Of course there’s a legitimate reason to want to encourage civil behavior online. And of course trolls wreak serious havoc on a social media system. But a “real names” policy doesn’t stop an unrepentant troll; it’s just another hurdle that the troll will love mounting. In my work with teens, I see textual abuse (“bullying”) every day among people who know exactly who each other is on Facebook. The identities of many trolls are known. But that doesn’t solve the problem. What matters is how the social situation is configured, the norms about what’s appropriate, and the mechanisms by which people can regulate them (through social shaming and/or technical intervention). A culture where people can build reputation through their online presence (whether “real” names or pseudonyms) goes a long way in combating trolls (although it is by no means a fullproof solution). But you don’t get that culture by force; you get it by encouraging the creation of healthy social norms.

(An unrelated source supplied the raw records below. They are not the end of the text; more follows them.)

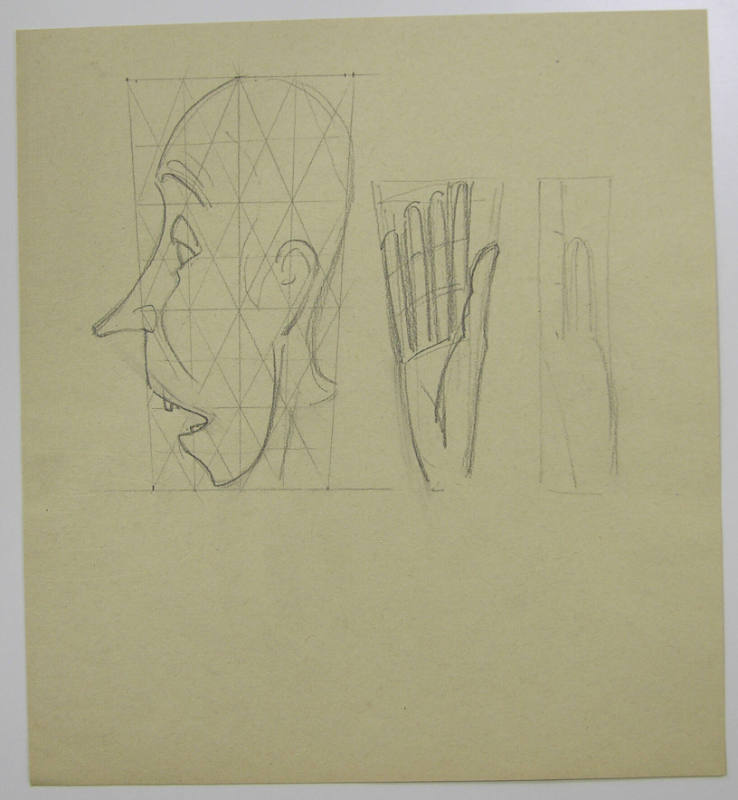 Study for Marionette Head and Hands
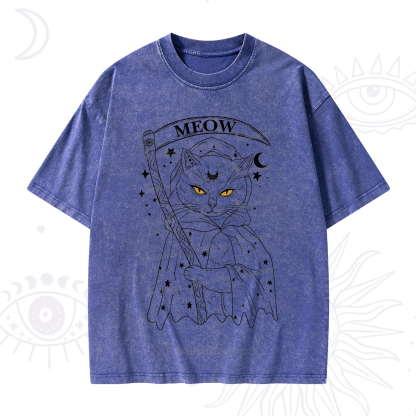 Purplehecate Grim Meow Reaper Washed T-Shirt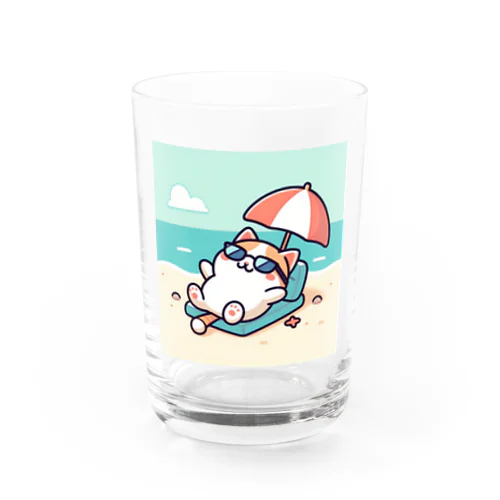 有給休暇をむさぼるネコ Water Glass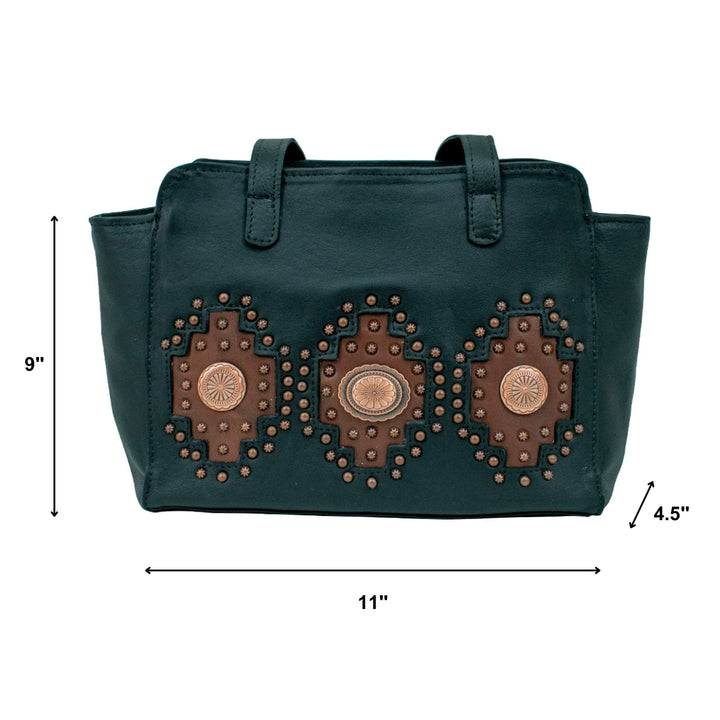 Midnight Copper conceal carry tote in black with hand tooled accents with dimensions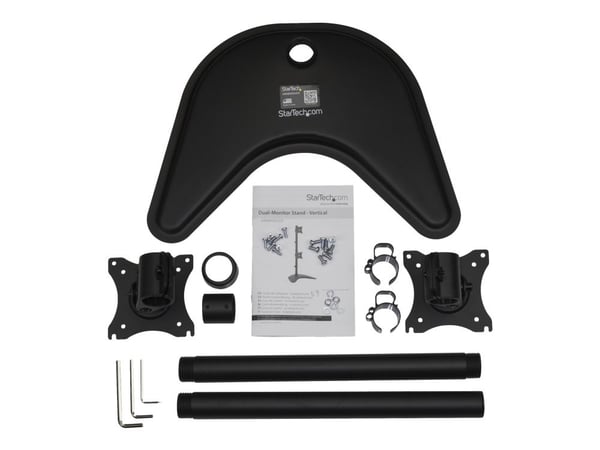 Startech Vertical Dual Monitor Stand - Supports Monitors 13" to 27" - Adjustable - Computer Monitor Stand for Double Stacked VESA Monitors - Black ...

Companies that build systems that people use have power. But they have to be very very very careful about how they assert that power. It’s really easy to come in and try to configure the user through force. It’s a lot harder to work diligently to design and build the ecosystem in which healthy norms emerge. Yet, the latter is of critical importance to the creation of a healthy community. Cuz you can’t get to a healthy community through force.